Student #3: That's destruction of school property!


Ms Morello: Everybody back inside! I'll get the Principal!


All the panicked students go back inside as the Ms Morello reports Chris's baseball mishap to the Principal. Who's name was Strickland.




Scene 6:


Storming onto the field, Principal Strickland confronts Chris. With his face red with fury.


Principal Strickland: Christopher! What in the Sam Hill do you think you're doing?!


Not knowing what else to say, and not to reveal his true plan that he wanted to impress Priscilla. Chris stutters and scrambles to give an explaination.


Chris: (Trying to play it cool) I... I was just trying to help the team, sir.


Principal Strickland: Help the team?! You almost killed someone! Detention for a month!


Greg: Uhhh, excuse me, Principal sir. Am I in trouble too?


Principal Strickland: Yes! Both of you are!


Greg: Why am I going to detention too?


Principal Strickland: Because you commited the worst offense ever! ENABLING!


Greg and Chris watch Principal Strickland walk back to his office.


Chris: Well, heh heh. At least I didn't get in trouble alone.....


Greg: Sometimes I wonder why I'm even friends with you. This is all your fault! Now I have to have detention for a month too.


Chris: I was trying to hit a homerun!



Scene 7:


Just when Chris's problems could not get any more worse, Joey Caruso, the school bully, steps forward, smirking.


Joey: Home run? More like "home run for disaster"! You're a disgrace to the game!


Chris: Get lost. Joey! I did hit it!


Joey: Prove it. Show us where it landed.


Chris: All right! I will! You're on!


Greg, Chris, Joey, and a group of other kids follow the ball's trajectory. They eventually find it lodged in the roof of Mrs. Mudbone's house across the street.


Mrs Mudbone (throws the ball back): Take back your stupid ball you shit headed whipper snappers! I'm calling your parents!


Joey: (Laughing) Look at that! It barely made it over the fence! You're a fraud, Chris!

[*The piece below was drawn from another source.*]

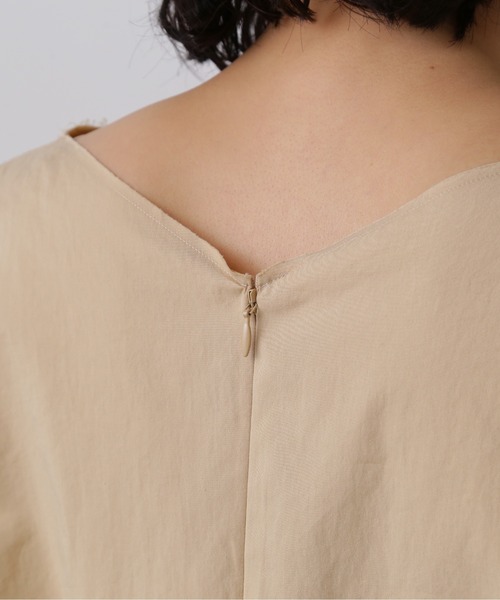 YLEVE(イレーヴ)の「YLEVE / OMI BLEACHED COTTON TWILL TWIST BLOUSE(シャツ/ブラウス・レディース・ベージュ/ブラック・0/1)」の6枚目の写真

Chris: (Defeated) I guess you're right...


Joey: Even better than that! You got detention! You're going to be like John Bender from The Breakfast Club!



Greg: Fuck off!



Joey: oooohhh! You swore!


Greg: This is high school! Get used to it!



Joey: I'm telling! Now you'll get even more detention (runs off)



Chris: You stood up for me? I thought you were mad at me.



Greg: I can never stay mad at a friend for too long.



Chris: That's a relief.





Scene 8 Conclusion:



Sitting in detention, Chris staring at the chalkboard. Was banned from baseball tryouts. Priscilla walks by, giggling with her friends. She glances at Chris and shakes her head in disappointment, echoing a scene from Pretty In Pink.


Chris: (To himself) I blew it. I should have just been myself.


Sitting next to him, Greg patted him on the shoulder.


Greg: Don't worry, man. You'll get 'em next time. Besides, maybe Priscilla likes a guy who's a little more... realistic.


Chris smiles weakly. Maybe Greg was right.


Greg: There's one more thing you should know.


Chris: What is it?


Greg: I paid Priscilla to watch you bat.


Chris: You're a better friend than I thought.


Much to their shock and surprise their detention teacher was Mrs Mudbone!


Mrs Mudbone: No talking during detention! Or else I'll make you write 100 times on the chalkboard!



Singing Chorus: Everybody Still Hates Chris!